In contrast to the United States and Europe, iGlarLixi in Japan is being developed at a dose ratio of 1 unit:1 µg. This difference reflects the lower insulin requirements in Japanese populations, who tend to have lower BMI, greater insulin sensitivity, and lower β-cell responsiveness than Western patients (18,19). In addition, Japanese patients appear to respond favorably to incretin-based therapy, such as dipeptidyl peptidase 4 (DPP-4) inhibitors and GLP-1 RAs (20,21). Studies have shown that healthy Japanese subjects have low GLP-1 levels at baseline and postprandially, which might contribute to their reduced capacity to secrete insulin (22). These findings may be partly due to the genetic variations found in Japanese patients with T2DM that are not found in Caucasians with T2DM (23). A 1:1 dose ratio in iGlarLixi allows the delivery of basal insulin with optimal doses of Lixi in the range expected to meet the needs of Japanese patients.

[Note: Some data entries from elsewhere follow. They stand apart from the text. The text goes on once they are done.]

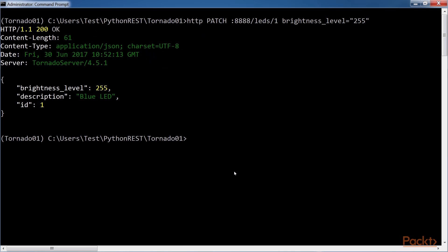Now, we go to the second window, which is running the HTTP command to generate the HTTP request that changes the brightness level for the blue LED. The last window is running the HTTP command to generate the HTTP request that changes the brightness level for the white LED.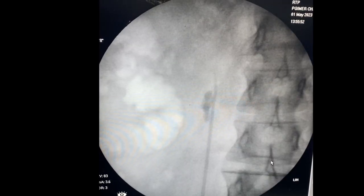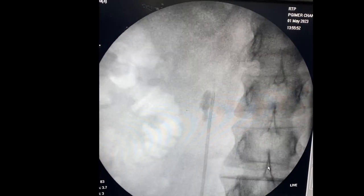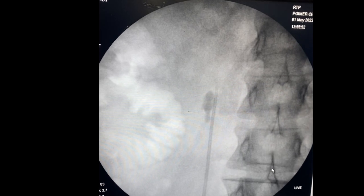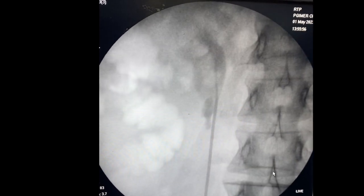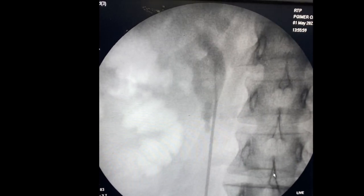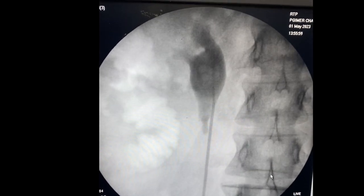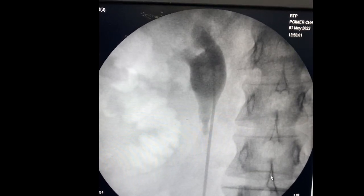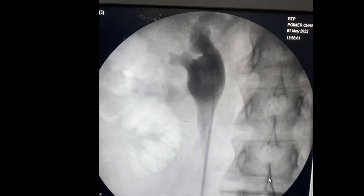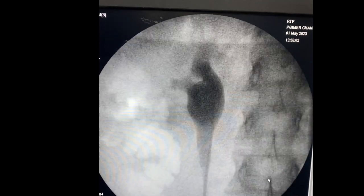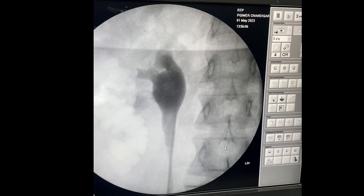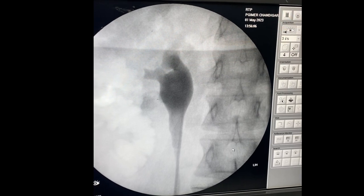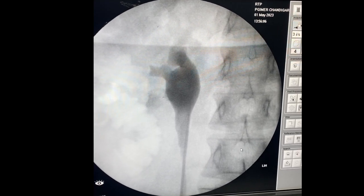The patient is now turned into prone position since we have planned prone PCNL. You can see the intraop retrograde pyelogram where the dilated pelvis and the upper ureter with the stone are visible.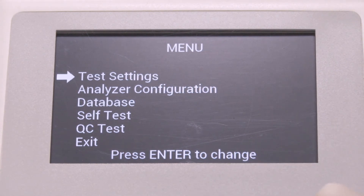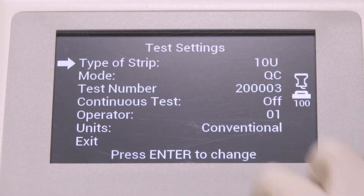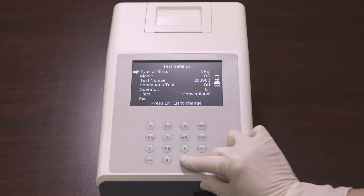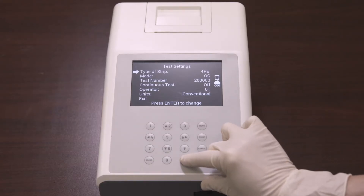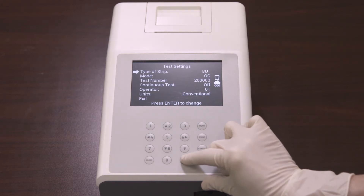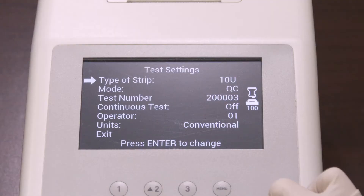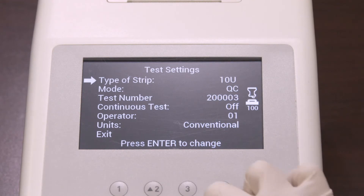To input the type of strip, press enter to change the strip type. Each strip type name defines the number of test parameters, and each press of the enter key cycles through all options. Keep pressing enter until the type of strip matches the strips to be used. In this case, we'll use 10 parameters. After selecting the type of strip, select the mode and press enter to change the mode.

In a previous phase 3 study in 521 Japanese patients with T2DM (baseline mean age 59.7 years, BMI 26.0 kg/m2, HbA1c 8.04% [64.4 mmol/mol]), treatment with iGlarLixi 1:1 led to a significantly greater reduction in HbA1c (−1.40% [−15.3 mmol/mol] vs. −0.76% [−8.3 mmol/mol]) and control of PPG (−4.26 vs. +0.19 mmol/L) without increased risk of symptomatic hypoglycemia (0.73 vs. 0.54 events per patient-year) or weight gain (+0.26 vs. +1.33 kg), compared with iGlar (24). The present phase 3 study evaluates the efficacy and safety of iGlarLixi in comparison with Lixi in Japanese patients with T2DM inadequately controlled on OADs.

Study Design and Patients

LixiLan JP-O1 (NCT02749890) was a 26-week, open-label, active-controlled, parallel-group, multicenter, phase 3 study followed by a 26-week extension safety period (Supplementary Fig. 1). Eligible patients were insulin-naïve Japanese adults with T2DM with HbA1c between 7.5% (58 mmol/mol) and 10% (86 mmol/mol) and FPG ≤13.8 mmol/L (250 mg/dL), who were inadequately controlled on one or two OADs (biguanides, thiazolidinediones, α-glucosidase inhibitors, sodium–glucose cotransporter 2 [SGLT2] inhibitors, sulfonylureas, glinides, or DPP-4 inhibitors) for at least 3 months prior to screening. Major exclusion criteria were use of any other glucose-lowering agents in the 3 months prior to screening; previous use of insulin except for short-term treatment including gestational diabetes; a history of discontinuation of GLP-1 RAs because of safety, lack of tolerability, or lack of efficacy; and pancreatic or liver enzymes greater than three times the upper limit of normal.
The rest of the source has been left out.